> WORK INSTRUCTIONS
Among the entries below, retype exactly the lines starting with the one with "Gold Coast Shell Earrings - Gold Mirror" and going on through the one with "Зимова чоловіча шкіряна куртка", but not the pictures.

> SUPPLIED ENTRIES
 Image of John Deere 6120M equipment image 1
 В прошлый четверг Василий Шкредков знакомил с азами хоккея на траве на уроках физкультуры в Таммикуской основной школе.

--

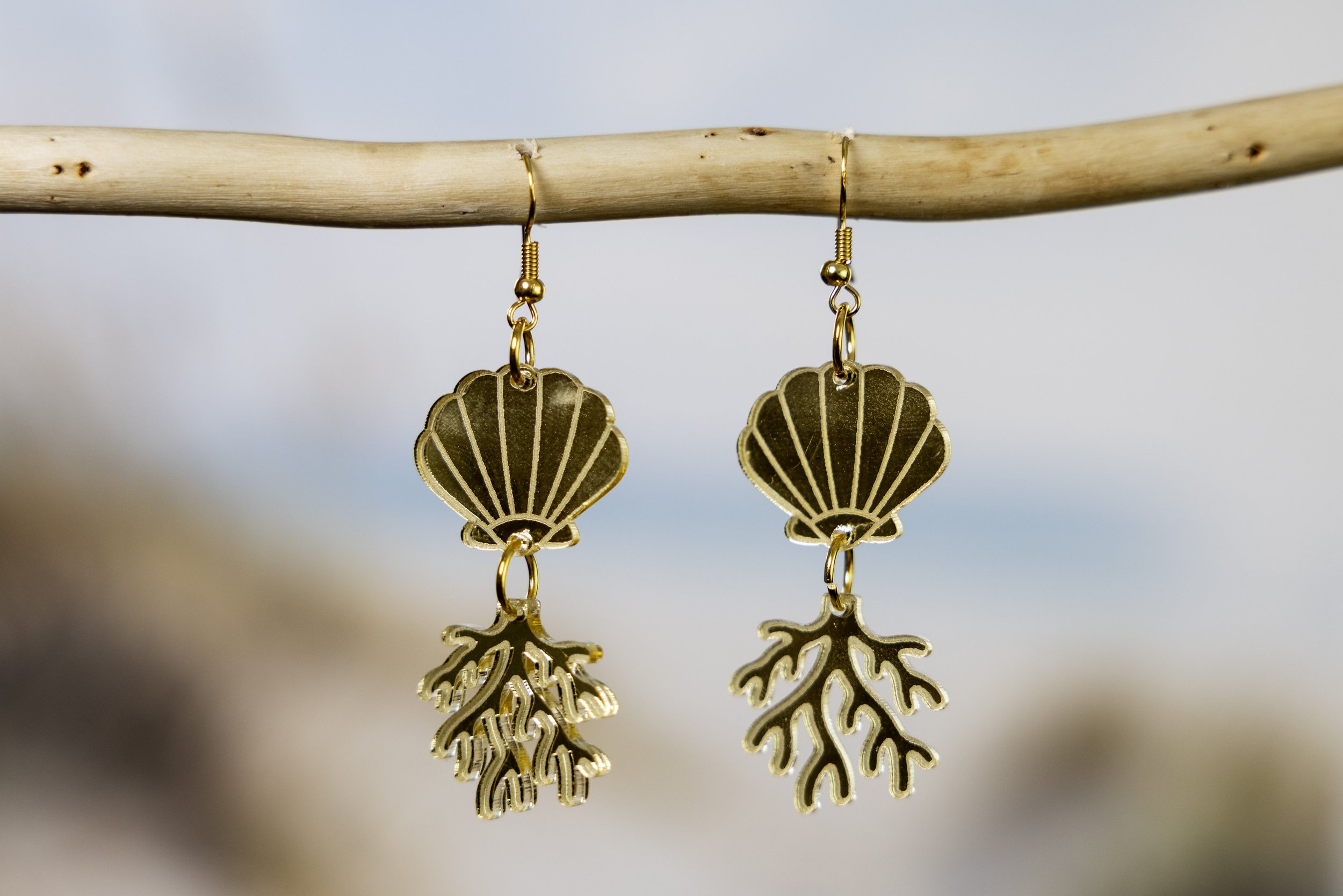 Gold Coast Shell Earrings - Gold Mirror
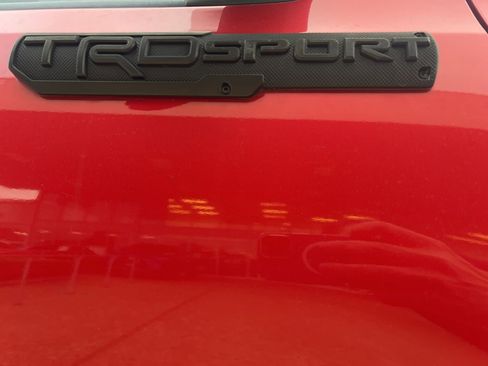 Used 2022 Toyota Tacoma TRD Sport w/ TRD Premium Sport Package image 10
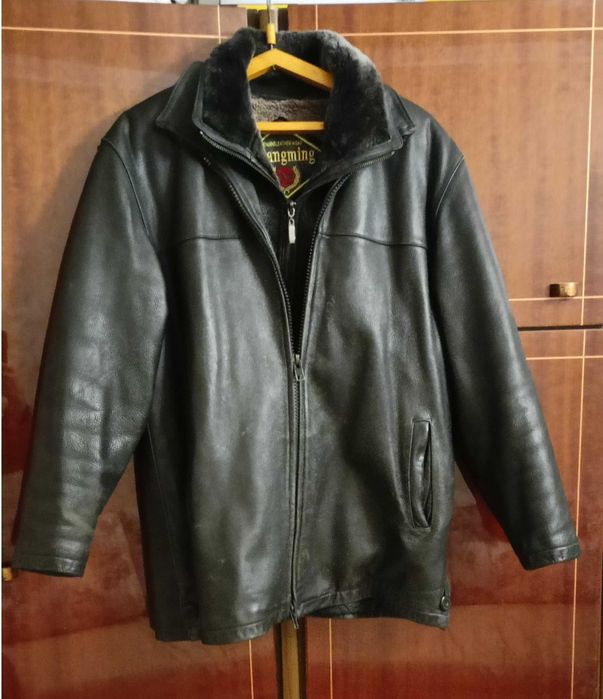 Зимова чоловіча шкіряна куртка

---

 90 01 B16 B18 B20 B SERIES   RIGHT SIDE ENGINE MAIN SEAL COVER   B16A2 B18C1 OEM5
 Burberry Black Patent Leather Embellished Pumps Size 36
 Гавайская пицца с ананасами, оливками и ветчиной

> WRITTEN SOLUTION
 Gold Coast Shell Earrings - Gold Mirror
 Used 2022 Toyota Tacoma TRD Sport w/ TRD Premium Sport Package image 10
 Зимова чоловіча шкіряна куртка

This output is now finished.